# Trash Panda

### By _Tobias Reaper_

---

## Notebook Outline

* Technologies
* Topics
* Introduction
* The Data Pipeline
  * Challenges
* The Model

### Technologies

* Python
* OpenCV
* Mask R-CNN
* Flask
* Docker

### Topics

* Computer vision
* Object detection
* Data engineering

---

## Introduction

### The Problem

You have an object in your hand that you intend to throw away. When you think about it as you're walking to the bins, you realize you actually don't know whether this type of object is recyclable or not. Maybe it is made of multiple different materials, or of an uncommon or unrecognizable material.

You're in the middle of an important project, and it's crunch time—no extra time available to spend researching. You end up throwing it in the recycling because it...well, it _seems_ like something that would be recyclable. With the decision made and action taken, you return to your important project, forgetting all about what just transpired.

I'd bet that most who are reading this have had an experience like this.

The priceless time and energy spent researching how to properly dispose of every single item can add up. However, the US is in something of a recycling crisis at the moment, partially due to the low quality of our recyclable waste—it tends to be very intermixed with non-recyclables.

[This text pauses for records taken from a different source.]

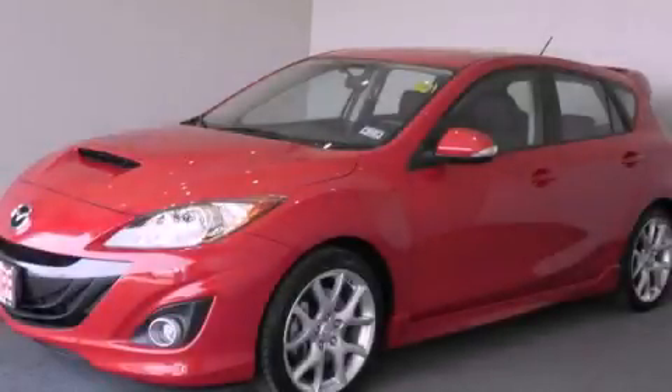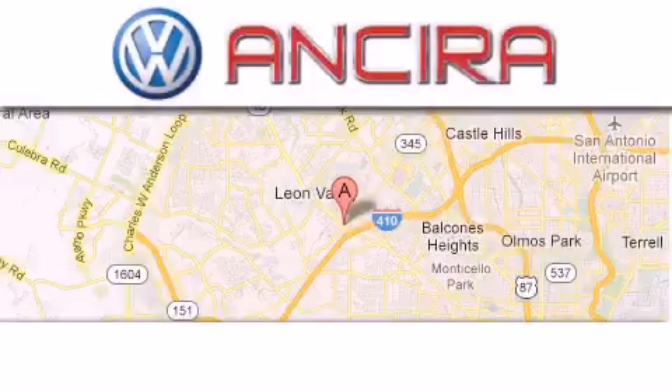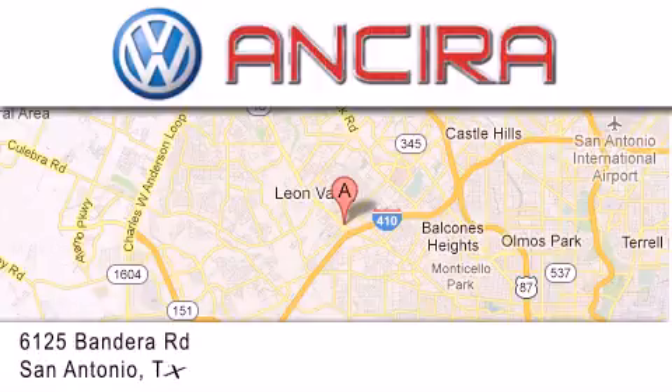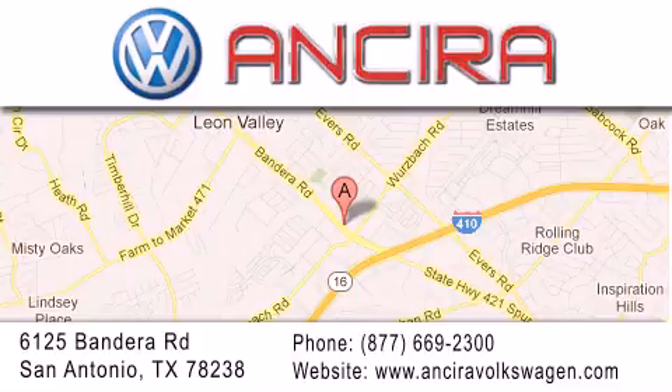We invite you to contact us today to learn more about this vehicle. Ancira Volkswagen is conveniently located at 6125 Bandera Road, just outside Loop 410. Come by and experience the Ancira Volkswagen difference today. When you think of Volkswagen, think Ancira Volkswagen.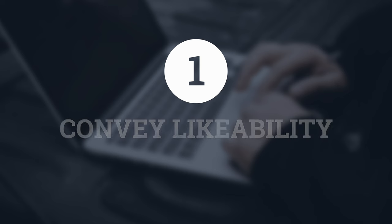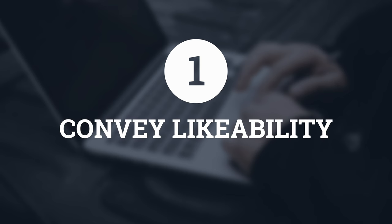So what are you trying to achieve in the first 10 minutes? Three things. One, convey likability. Two, establish the leader-follower dynamic. Three, do a trial close. I'm going to unpack all three of these in depth. Let's start with how to convey likability.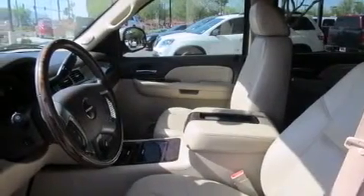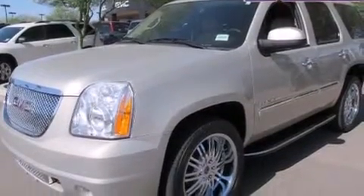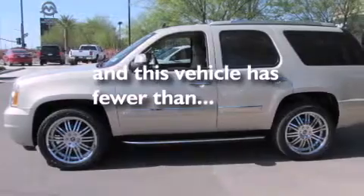Also included are a passenger side airbag, rear seats with child proof door locks, steering wheel mounted controls, full power accessories, and this vehicle has less than 42,000 miles.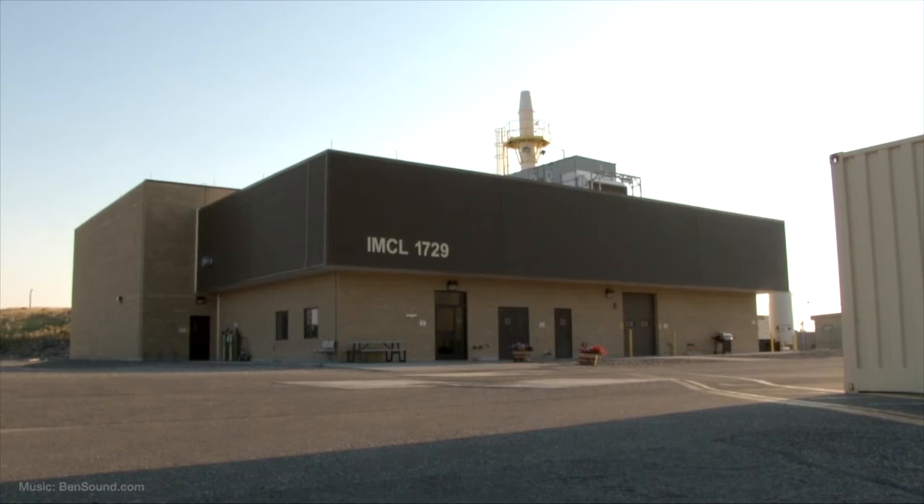Welcome to the Irradiated Material Characterization Laboratory at Idaho National Laboratory. IMCL is a user facility operated by INL and is accessible through DOE's Nuclear Science User Facility Program, government-funded projects, or private entities conducting nuclear fuels and materials research. IMCL can provide experts to operate the instruments and analyze data, or users can become qualified to conduct their own examinations.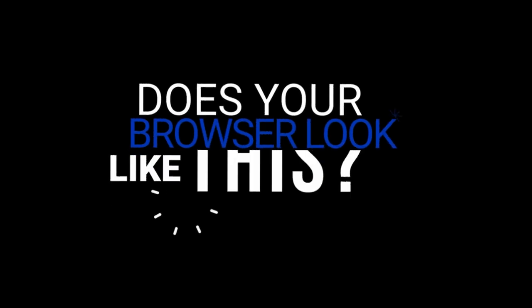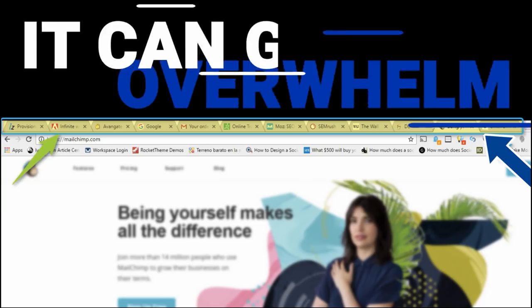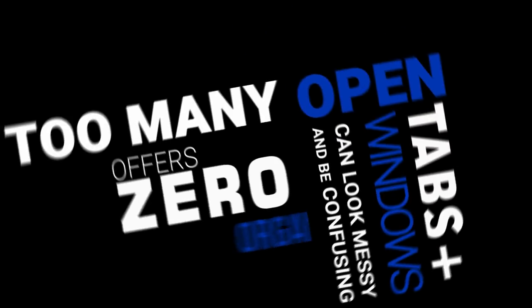Does your internet browser look like this? Messy and overcrowded with open tabs that can sometimes feel a little overwhelming? Too many open tabs in Windows looks messy and gets confusing, offers zero organization, and slows down productivity.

Ever since China's [National Sword](https://99percentinvisible.org/episode/national-sword/) legislation in 2017, which vastly reduced the amount of foreign recycling—particularly low-quality—the country would accept, recycling companies in the US have been forced to grapple with this quality issue. The cost of recycling increases when more trash is intermingled with it, as more sorting has to occur prior to processing. Whether it is more expensive machines or higher cost of labor, sorting costs money.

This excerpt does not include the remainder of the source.